6. The patch antenna of any one of the preceding claims, wherein:

the dielectric material of the dielectric resonator probe and the patch dielectric substrate are made from different materials; and/or

the patch dielectric substrate comprises a dielectric material cast around the dielectric resonator probe.

7. The patch antenna of any one of the preceding claims, wherein the electrical conductor comprises a generally linear electrically-conductive element.

8. The patch antenna of claim 7, wherein the generally linear electrically-conductive element comprises a metal pin having a round cross-sectional shape and a flattened head at an upper portion of the electrical conductor soldered to the antenna structure of the patch antenna.

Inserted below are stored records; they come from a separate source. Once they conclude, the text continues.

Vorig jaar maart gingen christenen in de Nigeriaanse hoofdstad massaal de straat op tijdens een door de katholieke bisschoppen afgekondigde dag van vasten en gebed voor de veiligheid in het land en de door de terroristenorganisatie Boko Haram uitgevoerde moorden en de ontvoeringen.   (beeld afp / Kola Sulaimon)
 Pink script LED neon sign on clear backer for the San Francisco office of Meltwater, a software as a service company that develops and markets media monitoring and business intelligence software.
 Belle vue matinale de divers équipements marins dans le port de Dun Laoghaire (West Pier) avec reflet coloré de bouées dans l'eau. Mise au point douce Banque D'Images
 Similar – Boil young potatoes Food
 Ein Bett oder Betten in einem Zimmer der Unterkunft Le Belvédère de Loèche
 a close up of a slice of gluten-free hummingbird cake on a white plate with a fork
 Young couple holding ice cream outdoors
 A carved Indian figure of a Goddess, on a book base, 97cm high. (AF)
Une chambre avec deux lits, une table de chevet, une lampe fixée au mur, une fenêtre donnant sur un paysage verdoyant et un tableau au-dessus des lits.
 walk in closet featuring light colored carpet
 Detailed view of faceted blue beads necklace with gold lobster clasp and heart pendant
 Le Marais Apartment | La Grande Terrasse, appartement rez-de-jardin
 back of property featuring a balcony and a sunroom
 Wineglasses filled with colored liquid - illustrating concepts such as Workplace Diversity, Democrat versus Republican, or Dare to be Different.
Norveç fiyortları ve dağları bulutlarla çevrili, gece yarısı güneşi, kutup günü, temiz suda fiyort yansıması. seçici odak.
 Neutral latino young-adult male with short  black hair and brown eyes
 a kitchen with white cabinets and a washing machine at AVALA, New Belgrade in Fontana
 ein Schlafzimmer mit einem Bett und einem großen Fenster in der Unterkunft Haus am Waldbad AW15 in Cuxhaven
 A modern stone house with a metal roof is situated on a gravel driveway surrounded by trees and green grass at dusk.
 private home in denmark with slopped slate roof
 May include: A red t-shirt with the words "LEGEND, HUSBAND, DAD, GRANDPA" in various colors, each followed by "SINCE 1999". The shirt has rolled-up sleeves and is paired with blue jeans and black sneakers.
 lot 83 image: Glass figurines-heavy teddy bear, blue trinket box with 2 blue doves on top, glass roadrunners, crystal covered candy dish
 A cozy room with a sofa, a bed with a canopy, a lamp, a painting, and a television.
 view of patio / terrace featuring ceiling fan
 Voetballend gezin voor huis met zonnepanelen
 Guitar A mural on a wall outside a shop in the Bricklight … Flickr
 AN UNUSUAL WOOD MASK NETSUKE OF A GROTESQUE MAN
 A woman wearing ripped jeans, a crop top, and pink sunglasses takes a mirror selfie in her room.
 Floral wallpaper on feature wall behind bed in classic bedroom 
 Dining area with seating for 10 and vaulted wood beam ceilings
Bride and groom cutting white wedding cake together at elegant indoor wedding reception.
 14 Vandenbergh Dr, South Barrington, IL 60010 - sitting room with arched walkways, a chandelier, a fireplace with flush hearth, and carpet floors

9. The patch antenna of any one of the preceding claims, wherein:

the patch antenna is configured to be operable for receiving Satellite Digital Audio Radio Service (SDARS) signals; and/or

the dielectric resonator probe is configured to be operable as a single probe feed of a feed mechanism for the patch antenna.

10. The patch antenna of any one of the preceding claims, wherein the electrical conductor is tunable for one or more out-of-band frequencies before the electrical conductor is added to the patch antenna and/or before the dielectric material is disposed generally around the electrical conductor, to thereby enable the patch antenna to have a narrower bandwidth with passive rejection at the one or more out-of-band frequencies and decrease susceptibility to specific bands of interference.

11. A vehicular antenna assembly including the patch antenna assembly of any one of the preceding claims.

12. The vehicular antenna assembly of claim 11, wherein:

the patch antenna is a first patch antenna configured to be operable for receiving first satellite signals; and the vehicular antenna assembly further comprises a second patch antenna configured to be operable for receiving second satellite signals different than the first satellite signals, the second patch antenna horizontally spaced apart from the first patch antenna or in a stacked arrangement with the second patch antenna stacked on top of the first patch antenna.